Cependant, pour certaines catégories de HSH, il n’est pas noté d’augmentation significative du dépistage répété. C’est le cas pour les HSH nés à l’étranger qui ont pourtant un délai médian plus élevé entre la contamination et le diagnostic VIH que les HSH nés en France 3. C’est également le cas pour les HSH peu diplômés, ne fréquentant pas les lieux de convivialité gay ou les applications de rencontre, ou encore ceux n’ayant pas protégé leur dernier rapport comme l’avaient déjà observé d’autres études 9. Des actions d’incitation au dépistage répété doivent être mises en œuvre envers ces populations plus à la marge.
Des limites méthodologiques doivent être soulignées pour cette étude.

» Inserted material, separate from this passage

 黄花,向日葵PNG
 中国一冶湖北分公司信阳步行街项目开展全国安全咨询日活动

Les résultats de ces enquêtes ne peuvent être extrapolés à l’ensemble de la population des HSH 6. Certaines populations répondent peu à ce type d’enquête comme les HSH nés à l’étranger, ne permettant pas d’avoir une force statistique suffisante pour des analyses spécifiques en écho aux dernières données épidémiologiques de surveillance du VIH. Cependant, le recrutement par ciblage sur les réseaux sociaux a permis d’inclure un nombre important d’hommes avec des profils et des modes de vie diversifiés, dont des jeunes hommes, des HSH ne se définissant pas homosexuels ou des HSH vivant en zone rurale plus souvent distants de la scène gay.

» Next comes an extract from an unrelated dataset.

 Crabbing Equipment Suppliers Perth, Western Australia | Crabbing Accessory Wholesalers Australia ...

Implications en santé publique
Ces nouvelles données décrivent une amélioration notable et significative des taux de dépistage et de leur répétition dans les populations à haut risque de contamination du VIH, grâce au développement de la PrEP, mais pas seulement. La nécessité d’un dépistage du VIH semble s’intégrer de plus en plus aux pratiques de prévention des HSH dans l’optique d’une prise en compte globale de leur santé. Dans ce contexte, il est essentiel de mettre en avant les bénéfices à se faire tester le plus largement possible. Des recherches qualitatives supplémentaires sont en cours avec pour objectif de mieux comprendre ces freins au dépistage et de les lever, et ce quel que soit le profil de la personne. Les différences régionales confirment l’intérêt du déploiement d’une politique volontariste territorialisée, à l’instar de ce qui a été fait à San Francisco et à Londres, et mis en place en France à travers des initiatives comme « Vers Paris Sans Sida » ou « Objectif sans Sida : Nice et les Alpes-Maritimes s’engagent ! ». Aujourd’hui, dans des pays comme la France disposant de toutes les méthodes médicales et préventives, le défi est bien celui d’un déploiement qui prenne en compte l’hétérogénéité des sexualités et des modes de vie de la population des HSH.
Remerciements
Nous remercions l’ANRS (France recherche Nord & Sud sida-HIV Hépatites) pour son soutien, via notamment la mise à disposition d’un poste de moniteur d’études en sciences sociales, ainsi que tous les hommes qui ont pris le temps de répondre à cette enquête.
Liens d’intérêt
Les auteurs déclarent ne pas avoir de liens d’intérêt au regard du contenu de l’article.